Antiphon
by Solita
Summary: He left those three weeks, and no one saw him... except for them. (A side story to A Life Mistake.)


  
  
  
  
  
  
  
         There are thirteen invitations waiting upon the kitchen floor.   
  
         I don't know if I should open one or all of them at once.  
  
         They are tempting me. I can feel them shouting my name. They want me. I don't want them.  
  
         I believe they are screaming my name now. It's like a beautiful melody and a sinful harmony all in one.  
  
         They're all colored different. One red, one blue, one green, one black. They all shout with different tones, different pitches, different...  
  
         All so different.  
  
         I have to open them. I already know what the contents are inside. But I have to. I need to open them. They are beckoning me, calling me, wishing me to rip them open and flourish in their desires and pleasures and despair inside.  
  
         No one is around. I'm all alone. I have been alone since I turned the wheel of grusome time. Everything is so strange in here. I think I should have been lost. And gone. And forgotten. I guess it wasn't planned for me.  
  
         I wonder what he thinks of me. Vegeta. I think he knows more that what he fathoms.   
  
         But will I tell him?   
  
         Of course not.  
  
         It is his own choice to follow the little invitations I see in front of me. There is no holding back. Maybe he'll find out that deep in the night, everything is clear, much more clearer than in daylight. He's smart enough. He'll figure it out.  
  
         But his mind won't tell him. Heh.  
  
         When the darkness eats away the day, and the moon bears witness to the graves and the ghosts and the nightmares that lurks upon the world and these thirteen invitations, the shadows will rise and help.  
  
         We might be alive then. I'm not sure.  
  
         The things I know are coming. The things I pushed away when I realised them are coming. They are all coming and they are coming for me.   
  
         They need a mistake to be rewritten and solved, after all.  
  
         But here they are, the thirteen invitations. All of them waiting to be open by me.  
  
         In the Devil's eyes, I should leave them be. In the Lord's eyes, I should leave them be. But they don't exist. They never did.  
  
         In my eyes, I should take them.   
  
         And I do.  
  
         All those thirteen invitations rest neatly in my hands, six in one hand, seven in the other hand. No one is around to watch me leave. No one is around to see me open them. And no one is around to gape at the contents inside, which is nothing more...  
  
         Than useless dust.  
  
         Dust.

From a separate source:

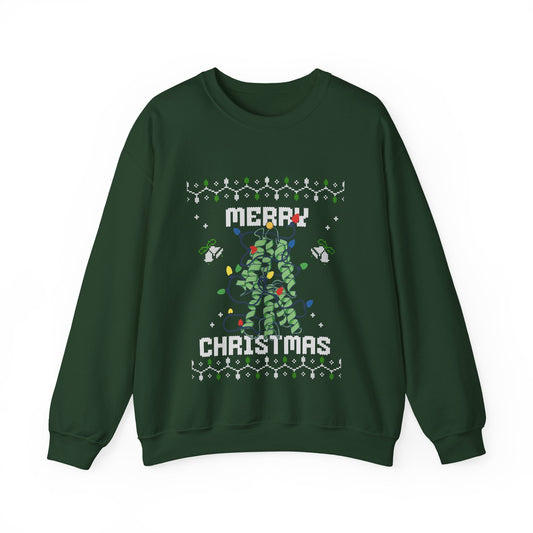 Protein Structure Christmas Tree Sweatshirt — 'Merry Christmas' Holiday Crewneck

That's all they are filled with.  
  
         In every invitation there is nothing but dust.  
  
         All the contents are empty, and my entire body is covered in dust. Ordinary dust coming from every source known.   
  
         I know the others would be confused. They never understand meanings. Or read between the lines of sentences to find the truth. Truth comes hard to those that are acualities.  
  
         Truth comes easy to those born a mistake.  
  
         Those thirteen invitations are blown away in the wind, going to who knows where. Maybe back into the invitees hands.  
  
         I look at the dust on my hands, the wind trying to brush it all away but it proves useless. Just like everyone else. The dust reaks upon my body like a horrible stench or a vile liquid covering every inch of my skin.  
  
         Dust cannot leave my skin, though.   
  
         Doesn't anyone remember the saying of, "Ashes to ashes, dust to dust"?  
  
         Or even this variant saying of, "From dust you came, to dust you shall return"?  
  
         I think Vegeta would have gotten that. He is smarter than what he thinks. He just has to realize it somehow, someway. He would prove to be a good friend after all.  
  
         I need good friends.  
  
         Slowly I lay backwards and fall upon the ground. The dust is still on me.  
  
         I don't care.  
  
         I don't mind.  
  
         I don't fathom.  
  
         And I am insane.  
  
         Vegeta probably got that by now.  
  
         Spells, witches, warlocks, mermaids, faries -- I love those fantasies.  
  
         It's just a dream within a dream of a dream to lose a dream with a dream.  
  
         I like fantasies, but I hate dreams. The distinction is there.  
  
         Chimeras are more fun to talk about, though.  
  
         They have a certain ring to the name. Chimeras. Chimeras. Shi-mer-ahs. Sounds like velvet. Or glitter. Or velvet and glitter and gold. How pretty.  
  
         The thirteen invitations gave me the date, the time, and the question.  
  
         I just have to reply to the demand.  
  
         I look up to the sky and I see the stars that are covered by the blue and I wish that I could see the mirror of the universe and watch the killer that portrays them.  
  
         Breath and mind of you all, I know that you watch me intentively.  
  
         And so here is my answer to your call.  
  
         The dust lurks on my body.  
  
         I reply to them my way.  
  
         I smile.  
  
  
  



End file.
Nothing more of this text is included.